■ DIRECTIONS FOR THIS TASK:
Across all entries below, how many lines include "Used"? Only the number, please.

■ DATA FOR THIS EXERCISE:

-- Opening Marker --

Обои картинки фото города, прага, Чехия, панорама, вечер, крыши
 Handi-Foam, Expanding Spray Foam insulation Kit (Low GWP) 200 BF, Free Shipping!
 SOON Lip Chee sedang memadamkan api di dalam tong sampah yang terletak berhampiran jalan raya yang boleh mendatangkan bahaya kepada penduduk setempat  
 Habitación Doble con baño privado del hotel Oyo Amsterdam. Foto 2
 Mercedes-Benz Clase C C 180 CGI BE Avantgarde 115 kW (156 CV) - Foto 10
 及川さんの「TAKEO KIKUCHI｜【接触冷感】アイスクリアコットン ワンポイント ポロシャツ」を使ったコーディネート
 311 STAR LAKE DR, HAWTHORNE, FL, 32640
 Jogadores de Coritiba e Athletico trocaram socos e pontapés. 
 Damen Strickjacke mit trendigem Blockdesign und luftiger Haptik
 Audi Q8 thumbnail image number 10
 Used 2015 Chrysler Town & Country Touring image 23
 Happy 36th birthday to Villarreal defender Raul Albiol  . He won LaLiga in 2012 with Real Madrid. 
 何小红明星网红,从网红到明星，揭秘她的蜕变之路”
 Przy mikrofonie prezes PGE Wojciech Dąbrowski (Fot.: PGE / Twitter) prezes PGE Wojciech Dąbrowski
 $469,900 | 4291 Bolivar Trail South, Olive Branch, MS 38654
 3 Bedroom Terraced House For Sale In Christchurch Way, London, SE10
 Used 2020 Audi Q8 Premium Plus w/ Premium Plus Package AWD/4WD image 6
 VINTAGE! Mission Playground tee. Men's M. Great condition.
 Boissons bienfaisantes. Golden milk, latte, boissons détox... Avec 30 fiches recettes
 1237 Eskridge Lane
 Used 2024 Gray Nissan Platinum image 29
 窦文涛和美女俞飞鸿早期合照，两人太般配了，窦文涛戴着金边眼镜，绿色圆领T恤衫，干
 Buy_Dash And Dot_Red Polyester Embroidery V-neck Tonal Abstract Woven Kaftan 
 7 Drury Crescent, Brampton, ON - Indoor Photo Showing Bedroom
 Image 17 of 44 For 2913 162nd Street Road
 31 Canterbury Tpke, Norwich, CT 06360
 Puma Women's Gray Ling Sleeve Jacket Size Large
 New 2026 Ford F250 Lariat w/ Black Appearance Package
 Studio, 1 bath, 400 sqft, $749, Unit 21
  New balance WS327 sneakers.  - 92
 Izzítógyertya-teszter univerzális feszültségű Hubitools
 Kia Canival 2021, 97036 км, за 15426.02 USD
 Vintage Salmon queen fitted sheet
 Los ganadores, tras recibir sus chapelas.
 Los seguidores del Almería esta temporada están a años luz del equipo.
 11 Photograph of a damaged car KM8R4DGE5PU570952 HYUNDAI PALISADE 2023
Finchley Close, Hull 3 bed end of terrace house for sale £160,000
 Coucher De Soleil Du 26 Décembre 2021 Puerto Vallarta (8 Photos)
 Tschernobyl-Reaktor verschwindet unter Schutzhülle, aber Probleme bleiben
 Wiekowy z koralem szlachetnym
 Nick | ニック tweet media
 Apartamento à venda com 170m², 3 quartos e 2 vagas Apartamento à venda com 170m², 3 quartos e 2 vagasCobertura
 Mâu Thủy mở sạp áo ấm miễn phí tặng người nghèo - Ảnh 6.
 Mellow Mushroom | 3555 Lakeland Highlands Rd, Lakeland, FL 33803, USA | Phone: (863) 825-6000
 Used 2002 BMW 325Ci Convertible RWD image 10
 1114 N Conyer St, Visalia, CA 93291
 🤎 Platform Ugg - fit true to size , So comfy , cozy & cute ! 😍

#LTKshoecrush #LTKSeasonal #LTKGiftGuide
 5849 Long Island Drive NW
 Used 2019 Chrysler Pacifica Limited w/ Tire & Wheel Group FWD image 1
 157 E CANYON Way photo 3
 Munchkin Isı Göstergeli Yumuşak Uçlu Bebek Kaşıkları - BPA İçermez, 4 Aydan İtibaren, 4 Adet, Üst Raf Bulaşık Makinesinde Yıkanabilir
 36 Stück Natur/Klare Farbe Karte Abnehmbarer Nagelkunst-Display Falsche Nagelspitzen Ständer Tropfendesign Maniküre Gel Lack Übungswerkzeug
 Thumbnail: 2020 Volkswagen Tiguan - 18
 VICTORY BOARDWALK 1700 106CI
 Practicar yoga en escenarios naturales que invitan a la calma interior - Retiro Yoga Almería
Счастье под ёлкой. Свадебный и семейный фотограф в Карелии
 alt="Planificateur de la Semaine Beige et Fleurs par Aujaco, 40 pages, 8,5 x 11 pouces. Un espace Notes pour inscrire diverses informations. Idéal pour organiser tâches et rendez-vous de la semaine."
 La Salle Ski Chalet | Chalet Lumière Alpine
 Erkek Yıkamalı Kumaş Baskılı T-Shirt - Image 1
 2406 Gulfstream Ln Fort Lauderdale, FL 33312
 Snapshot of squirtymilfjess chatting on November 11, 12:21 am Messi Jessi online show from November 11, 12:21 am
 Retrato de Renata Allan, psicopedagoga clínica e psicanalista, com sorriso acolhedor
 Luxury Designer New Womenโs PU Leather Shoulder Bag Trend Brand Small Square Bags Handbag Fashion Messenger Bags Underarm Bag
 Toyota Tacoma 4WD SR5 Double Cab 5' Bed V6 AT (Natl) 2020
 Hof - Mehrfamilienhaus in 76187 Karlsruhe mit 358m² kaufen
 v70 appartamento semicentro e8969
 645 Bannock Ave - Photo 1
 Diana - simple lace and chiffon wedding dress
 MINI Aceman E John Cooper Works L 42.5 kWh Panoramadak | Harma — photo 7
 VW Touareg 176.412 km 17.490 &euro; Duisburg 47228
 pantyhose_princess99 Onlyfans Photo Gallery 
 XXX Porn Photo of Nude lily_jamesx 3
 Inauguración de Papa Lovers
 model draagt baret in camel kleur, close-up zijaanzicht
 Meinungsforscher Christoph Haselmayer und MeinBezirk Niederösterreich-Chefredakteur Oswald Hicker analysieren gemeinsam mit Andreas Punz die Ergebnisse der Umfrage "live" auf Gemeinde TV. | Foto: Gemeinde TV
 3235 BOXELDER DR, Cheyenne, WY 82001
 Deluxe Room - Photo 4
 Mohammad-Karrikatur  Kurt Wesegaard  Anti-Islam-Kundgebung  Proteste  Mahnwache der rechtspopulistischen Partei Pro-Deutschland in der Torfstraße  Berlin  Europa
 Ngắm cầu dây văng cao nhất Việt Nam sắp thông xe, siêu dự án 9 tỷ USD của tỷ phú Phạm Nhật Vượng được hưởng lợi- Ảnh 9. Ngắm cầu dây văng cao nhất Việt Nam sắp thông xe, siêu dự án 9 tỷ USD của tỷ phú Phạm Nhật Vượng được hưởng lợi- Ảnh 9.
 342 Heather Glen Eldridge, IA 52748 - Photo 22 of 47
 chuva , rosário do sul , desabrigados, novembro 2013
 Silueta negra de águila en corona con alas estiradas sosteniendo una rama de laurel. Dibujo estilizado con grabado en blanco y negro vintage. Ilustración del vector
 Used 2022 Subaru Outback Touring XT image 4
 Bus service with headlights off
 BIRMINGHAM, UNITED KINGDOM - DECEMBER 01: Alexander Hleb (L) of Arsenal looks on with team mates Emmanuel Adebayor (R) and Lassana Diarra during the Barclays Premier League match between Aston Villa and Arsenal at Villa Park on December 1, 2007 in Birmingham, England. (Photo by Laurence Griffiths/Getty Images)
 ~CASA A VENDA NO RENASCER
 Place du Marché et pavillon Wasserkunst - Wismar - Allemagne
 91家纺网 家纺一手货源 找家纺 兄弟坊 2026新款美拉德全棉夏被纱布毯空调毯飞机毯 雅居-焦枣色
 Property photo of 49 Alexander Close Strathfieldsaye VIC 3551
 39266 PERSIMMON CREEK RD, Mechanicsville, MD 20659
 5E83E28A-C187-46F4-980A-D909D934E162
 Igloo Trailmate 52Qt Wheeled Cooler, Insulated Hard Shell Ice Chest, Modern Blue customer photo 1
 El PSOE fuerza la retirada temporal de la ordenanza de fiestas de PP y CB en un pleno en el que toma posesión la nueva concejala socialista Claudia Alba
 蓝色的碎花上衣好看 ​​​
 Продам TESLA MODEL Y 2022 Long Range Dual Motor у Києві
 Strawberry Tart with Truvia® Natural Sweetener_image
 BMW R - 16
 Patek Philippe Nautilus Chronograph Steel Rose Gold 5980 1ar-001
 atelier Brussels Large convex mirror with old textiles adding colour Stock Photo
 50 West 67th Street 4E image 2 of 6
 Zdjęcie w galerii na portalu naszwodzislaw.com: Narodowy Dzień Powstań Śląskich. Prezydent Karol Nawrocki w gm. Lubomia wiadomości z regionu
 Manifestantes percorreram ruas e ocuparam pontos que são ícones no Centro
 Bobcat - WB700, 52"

-- Closing Marker --

■ FINAL ANSWER:
6